町田市は4月1日より、陸上競技場の環境整備、スポーツ教室開催、浮世絵の購入にかかる費用の一部を寄付金でまかなう「ふるさと納税」をスタートする。
ふるさと納税の使い道をあらかじめ明示することで、その使い道に賛同した人の思いを事業に反映させる。寄付を募集する3事業は、町田市立陸上競技場への大型映像装置の設置、アスリートによる子どもスポーツ教室、町田市立国際版画美術館が所蔵していない喜多川歌麿の作品購入。寄付者にはオリジナル返礼品を贈呈する。

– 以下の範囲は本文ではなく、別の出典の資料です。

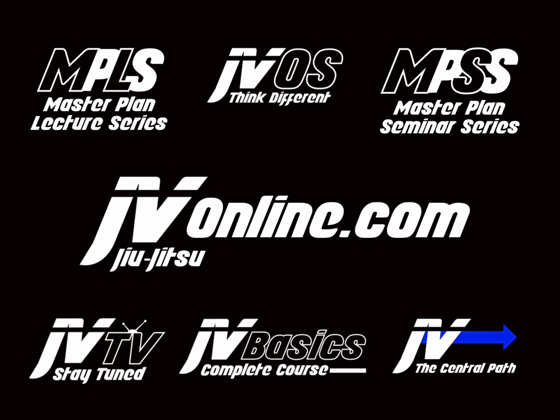This video is brought to you by jvjujitsuonline.com, the home to all JV Jiu Jitsu content, your source for strike-based Jiu Jitsu. Check it out.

市内のスポーツ競技団体と経済団体は、大型映像装置の設置を後押しする。Jリーグ公式戦の会場だけでなく、東京オリンピック・パラリンピックやラグビーワールドカップ日本大会のキャンプ地としての活用などを想定し、市民が「観る」「応援」することを身近に楽しめる環境整備を盛り上げていく考え。
市は、早ければ2018年春に大型映像装置を完成させる。工事費は5~6億円で、2,000万円を寄付でまかなう目論見。現在の大型映像装置は築30年を超え、老朽化が進むとともに単色電球で表示する電光掲示は機能面でも陳腐化している。
昨シーズンからFC町田ゼルビアのホームゲームで電光掲示板のデータを作成しているデザイナーの水谷慎吾さんは「電卓なみの表現力しかない」と話す。それでも156ピクセル×72ピクセルという低解像度の機能を最大限活用し、チームのロゴや選手のイラストを掲示するなど表現の幅を広げた。
「京都がフルカラー大型ビジョンを整備したため、J2クラブのホームスタジアムで電光掲示板をいまだに使っているのはおそらく町田だけ」と水谷さん。「新しくなれば、動画がメインとなり、表現方法は全く違うものになる」とも。
昨年度の市のふるさと納税は、寄付額が控除額を大きく下回る「赤字」。市外からの寄付金を集めることも重要だ。町田市体育協会の吉原修会長は「町田市の運動施設は多摩エリアで充実している。関係する団体を通じて寄付を呼びかけていきたい」と話す。